The Experience Coordinator owns the day-to-day delivery of one active cohort. You are the operational heartbeat of that cohort: making sure sessions happen, learners are supported, content lands, and the program runs to plan. This is a part-time role: four hours each day in a fixed shift agreed at offer.
WHAT THIS ROLE IS NOT
This is not a remote admin role. It is not just sending calendar invites and chasing attendance.
You will own outcomes for your cohorts: completion rates, learner satisfaction, and the experience itself. If you want to push tasks around a board, this is not the right fit. If you want to own how a group of learners experiences a program from start to finish, it is.
TEAM STRUCTURE
During Phase 1, you report to the Director of Growth and Strategy alongside two other Coordinators. From Phase 2 onward, you report to the Senior Coordinator (and eventually the Experiential Program Delivery Lead).
You work closely with mentors and facilitators, the Content team, and the learners themselves.
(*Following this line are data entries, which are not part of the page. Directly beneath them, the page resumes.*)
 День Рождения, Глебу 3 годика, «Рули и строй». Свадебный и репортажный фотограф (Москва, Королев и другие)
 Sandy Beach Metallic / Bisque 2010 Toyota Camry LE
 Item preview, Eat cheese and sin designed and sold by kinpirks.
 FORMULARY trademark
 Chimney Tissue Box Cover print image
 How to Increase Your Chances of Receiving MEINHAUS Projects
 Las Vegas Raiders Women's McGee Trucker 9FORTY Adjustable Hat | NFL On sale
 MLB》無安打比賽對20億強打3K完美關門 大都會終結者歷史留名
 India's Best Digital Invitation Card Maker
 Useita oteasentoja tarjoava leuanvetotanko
You typically own one active cohort at a time, working a fixed four-hour shift each day (either morning or afternoon US Eastern). For larger or higher-touch cohorts, you may pair with another Coordinator on the opposing shift to extend live coverage across the US business day.
DECISION AUTHORITYDecide Alone
Day-to-day cohort logistics
Learner communication
Scheduling adjustments
Routine issue resolution within your cohort
Escalate to Lead
Quality concerns
Mentor availability conflicts
Repeated learner issues
Anything that affects more than one cohort
Lead Decides
Cohort design changes
Mentor selection
Platform changes
Decisions affecting program standards
CORE RESPONSIBILITIES
Your role is organised into three clusters. Each cluster has a clear purpose. Your job is to own the outcome in each one, not just complete the tasks.
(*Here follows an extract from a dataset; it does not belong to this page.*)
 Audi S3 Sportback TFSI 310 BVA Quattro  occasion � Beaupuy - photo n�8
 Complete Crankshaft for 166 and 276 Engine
CLUSTER 1 — Run the Cohort
End-to-end execution of your assigned cohorts, from kickoff to graduation. The experience your learners have is the experience you have built.
Cohort Setup and Kickoff
Prepare every cohort before it starts: schedule confirmed, mentors briefed, platform ready, communications drafted.
Run a kickoff that sets the tone: clear, energetic, and structured.
Make sure every learner knows how the cohort will work in their first session.
Session and Mentor Logistics
Confirm every live session 48 hours in advance: mentor, platform link, materials, and learner reminders.
Be on every session in a support capacity: handle tech issues, late arrivals, and Q&A logistics.
Reschedule cleanly when life happens. No surprises for learners.
Learner Communication
Be the named contact for every learner in your cohort.
Respond to learner messages within your same shift on business days.
Out-of-shift messages get a response on your next shift, never longer.
Send weekly cohort updates that learners actually want to read.
CLUSTER 2 — Champion the Experience
You own how your cohort feels. A well-run cohort completes. A great cohort completes and refers others. Your job is to make every cohort the second kind.
Engagement and Retention
Track attendance and engagement weekly. Flag any learner falling behind early.
Reach out personally to at-risk learners with a real conversation, not a templated nudge.
Celebrate progress visibly. Make finishing a cohort feel like an achievement.
Quality at Touchpoints
Audit every learner-facing communication before it goes out: clarity, tone, and accuracy.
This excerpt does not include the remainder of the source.